14 Pterygium and Strabismus



Malcolm Ing


Summary


In this chapter, the author will describe the pathology of pterygia with its relationship to the adjacent structure, the medial rectus. Pterygia that have developed on the nasal side of the eye are partially overlying the medial recti. Despite the fact that various techniques have been developed and employed to excise pterygia, recurrences are common. The scarring involving the medial rectus after surgery for primary or recurrent pterygia may restrict the abduction of the involved eye, resulting in an annoying and intractable diplopia in attempted horizontal gaze positions. The author will describe a surgical technique to treat restrictive strabismus following pterygium excision. Corrective surgery is performed by safely dissecting all of the scar tissue from the medial rectus. In some cases, a recession of this ocular muscle is also necessary. A conjunctival autograft is performed in all cases to cover the large conjunctival defect. The combination of all three essential steps of this surgical approach will restore motion and function of the medial rectus with relief of the diplopia.




14 Pterygium and Strabismus



14.1 Pathology of Pterygia


Hogan and Zimmerman describe pterygia as a degeneration of the conjunctiva. 1 The lesion is characterized by an elevated mass of thickened conjunctiva at the limbus. Microscopically, the epithelium is irregular and the collagen fibers are hypertrophic, dense, and hyalinized. The pathologic conjunctiva may develop granular basophilic material with many new vessels in the stroma and infiltration by large mononuclear connective tissue cells. Ninety percent of pterygia are found nasally, and these occur in the interpalpebral zone.
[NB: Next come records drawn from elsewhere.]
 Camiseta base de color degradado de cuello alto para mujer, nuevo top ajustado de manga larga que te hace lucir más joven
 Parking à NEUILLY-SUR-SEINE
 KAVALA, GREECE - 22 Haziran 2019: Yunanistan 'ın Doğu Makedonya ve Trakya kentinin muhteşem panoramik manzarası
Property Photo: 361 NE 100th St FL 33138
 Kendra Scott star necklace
The pathogenesis is unknown, but pterygia are thought to be the result of external irritants, which include wind, dust, and sunlight as causal agents.


Numerous techniques have been suggested to reduce the pterygium recurrence rate after excision. These methods have included the use of beta radiation and topical mitomycin C eyedrops as adjuncts to the surgical removal. 2 ,​ 3 ,​ 4 ,​ 5 ,​ 6 ,​ 7 ,​ 8 ,​ 9 ,​ 10 ,​ 11 ,​ 12 Both of these techniques may result in a long-term decrease in ocular circulation with thinning and necrosis of the sclera. This complication of necrosis may occur after many years following the pterygium excision.
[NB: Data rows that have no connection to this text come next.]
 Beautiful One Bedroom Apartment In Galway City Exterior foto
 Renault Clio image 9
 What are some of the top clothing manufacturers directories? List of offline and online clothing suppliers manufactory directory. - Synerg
Autografts of the conjunctiva have been utilized following the excision of primary and recurrent pterygia since the mid-1980s in an effort to help prevent scarring. 13 In addition, amniotic membrane grafts have been utilized in a manner similar to the autografts. 14 The recurrence rate following amniotic membrane grafting is 5 to 64%. 15 The rate of recurrence is reduced in some studies by adding intraoperative mitomycin C or by utilizing an extensive tenonectomy. 15 A randomized, controlled study of the use of a conjunctival autograft versus an amniotic membrane graft showed the superiority of autografts in reducing the rate of recurrence after primary and recurrent pterygium excision. 16 ,​ 17 An excellent description of techniques utilized to help prevent recurrences was presented by Hirst in 2012. 15 This surgeon reported 1000 cases with an extremely low recurrence rate (0.1%). Hirst also recommends the use of an autograft rather than amniotic membrane to cover any conjunctival defect.



14.2 Injury to the Medial Rectus


Injury to the medial rectus (MR) by inadvertent disinsertion of this muscle has been reported following pterygium surgery. 18 ,​ 19 In each of these four cases with loss of MR function, the pterygium surgeon recognized the deficient adduction in the operated eye and promptly referred the patient to a consulting strabismologist. Restoration of MR function was facilitated by early recognition of the complication, and in each case, the strabismologist was able to retrieve the disinserted MR and reattach it to the original insertion. All patients were able to regain normal binocularity. This complication of disinsertion of the MR during pterygium surgery denotes that extreme care must be taken when dissecting the pterygium from underlying tissue, which may include the MR.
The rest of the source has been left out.